**PROBLEM**
The answer should contain only the lines from the beginning of the entries through the line that holds "Schmetterlinge von Franz", given again exactly, with no pictures.

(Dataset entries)
▽

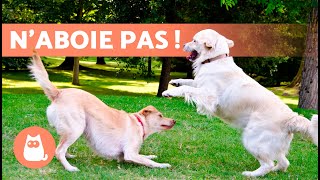 COMMENT ARRÊTER les ABOIEMENTS de mon CHIEN 🐶🔊 SOLUTIONS EFFICACES ✅ [upl. by Yelha557]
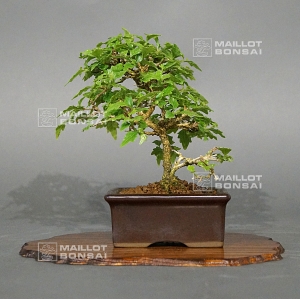 Premna japonica 22050183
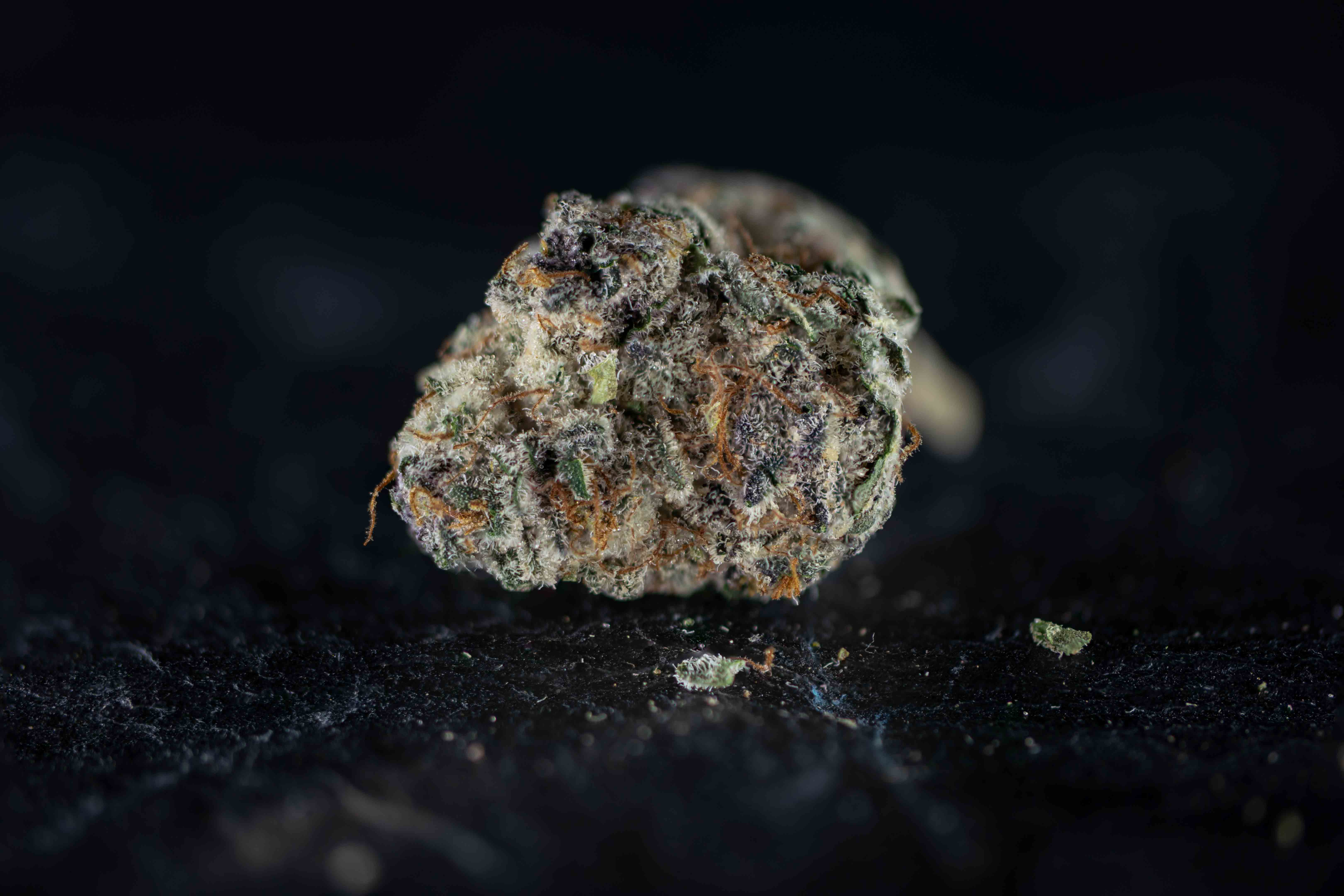 Super Buff Cherry by Growery cannabis strain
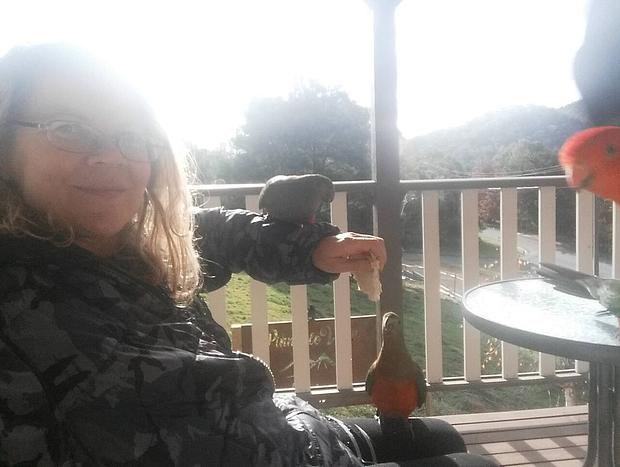 Photo 17 for Pinnacle View Lodge - Beautiful Dutch Barn style house in Merrijig, base of Mt Buller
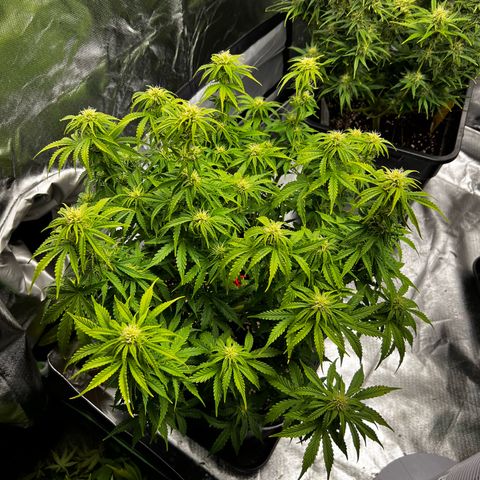 Moby Dick Auto growlog timeline photo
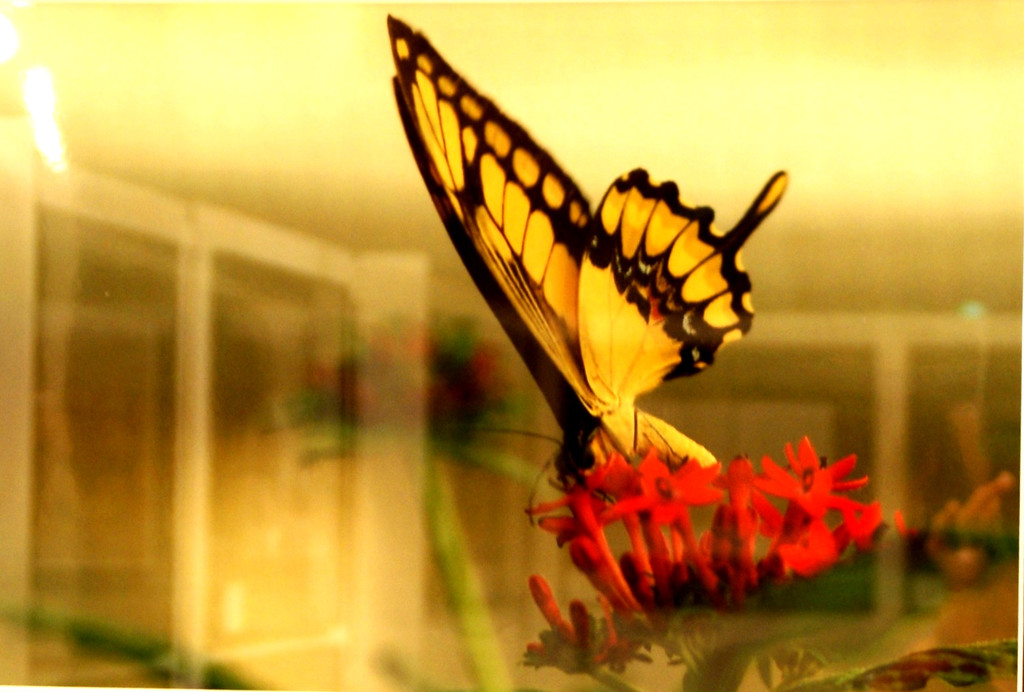 Schmetterlinge von Franz Felder vom Cameraclub Spark_ Bregenz.JPG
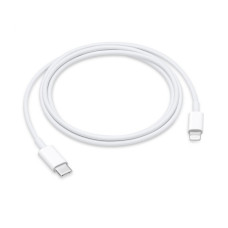 Apple Câble Lightning vers USB-C 1m (Modèle Apple MQGJ2ZM/A)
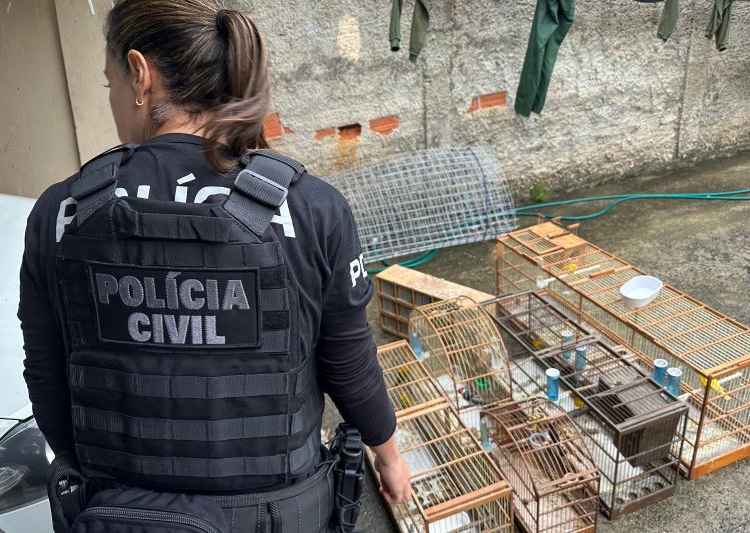 PCPR deflagra operação contra organização ligada ao tráfico de animais silvestres em todo país
Foto: PCPR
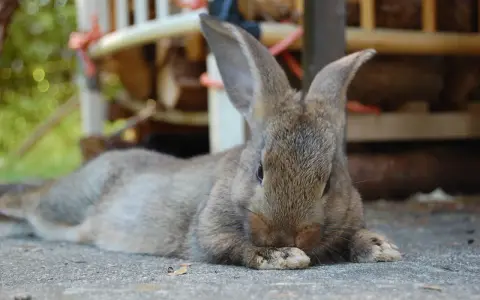 Ein braunes Kaninchen liegt entspannt auf der Seite auf grauem Untergrund. Seine Pfoten sind vor dem Gesicht verschränkt.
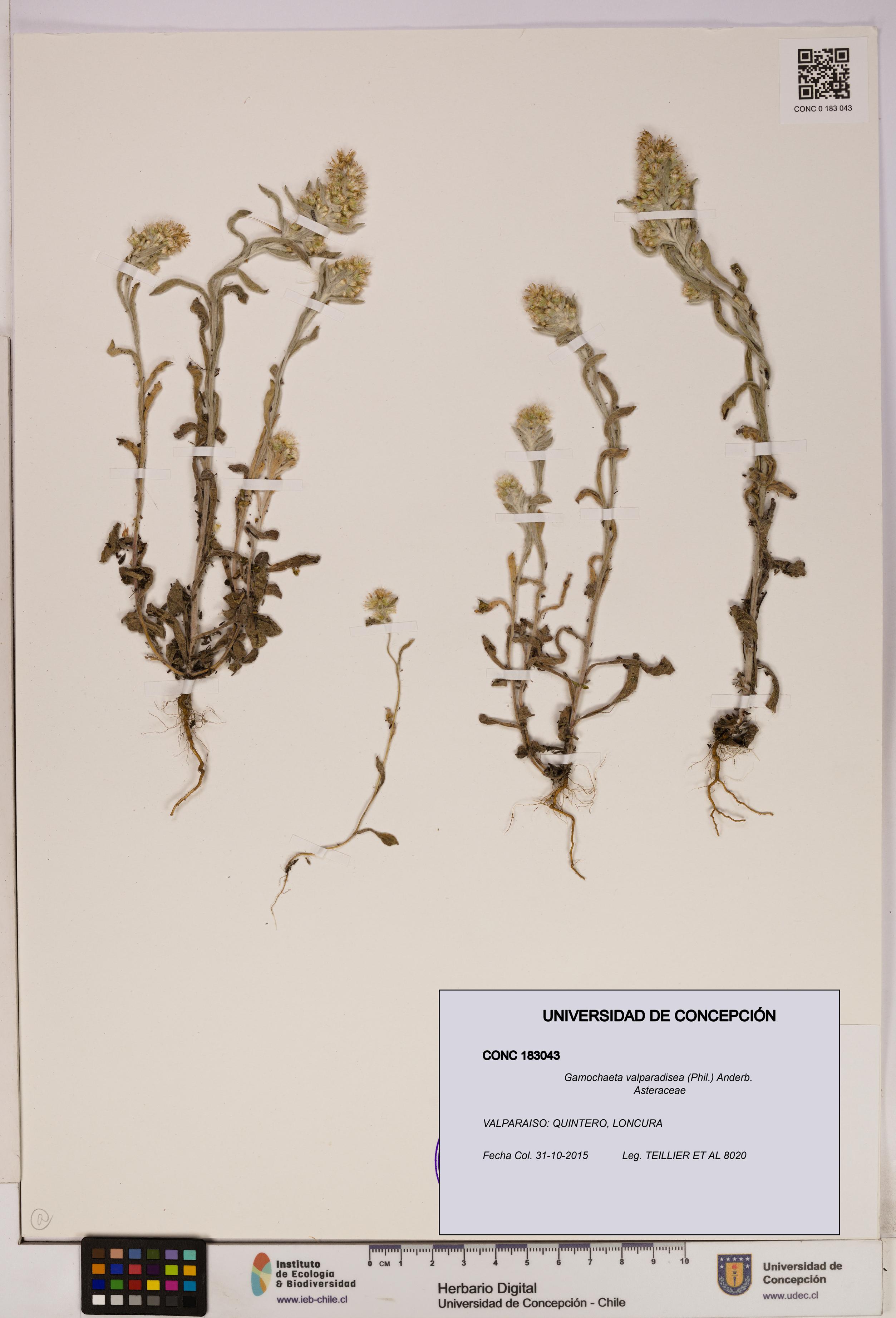 Gamochaeta valparadisea [Espécimen: UDEC:CONC:0183043]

△

**REPLY TO THE EXERCISE**
 COMMENT ARRÊTER les ABOIEMENTS de mon CHIEN 🐶🔊 SOLUTIONS EFFICACES ✅ [upl. by Yelha557]
 Premna japonica 22050183
 Super Buff Cherry by Growery cannabis strain
 Photo 17 for Pinnacle View Lodge - Beautiful Dutch Barn style house in Merrijig, base of Mt Buller
 Moby Dick Auto growlog timeline photo
 Schmetterlinge von Franz Felder vom Cameraclub Spark_ Bregenz.JPG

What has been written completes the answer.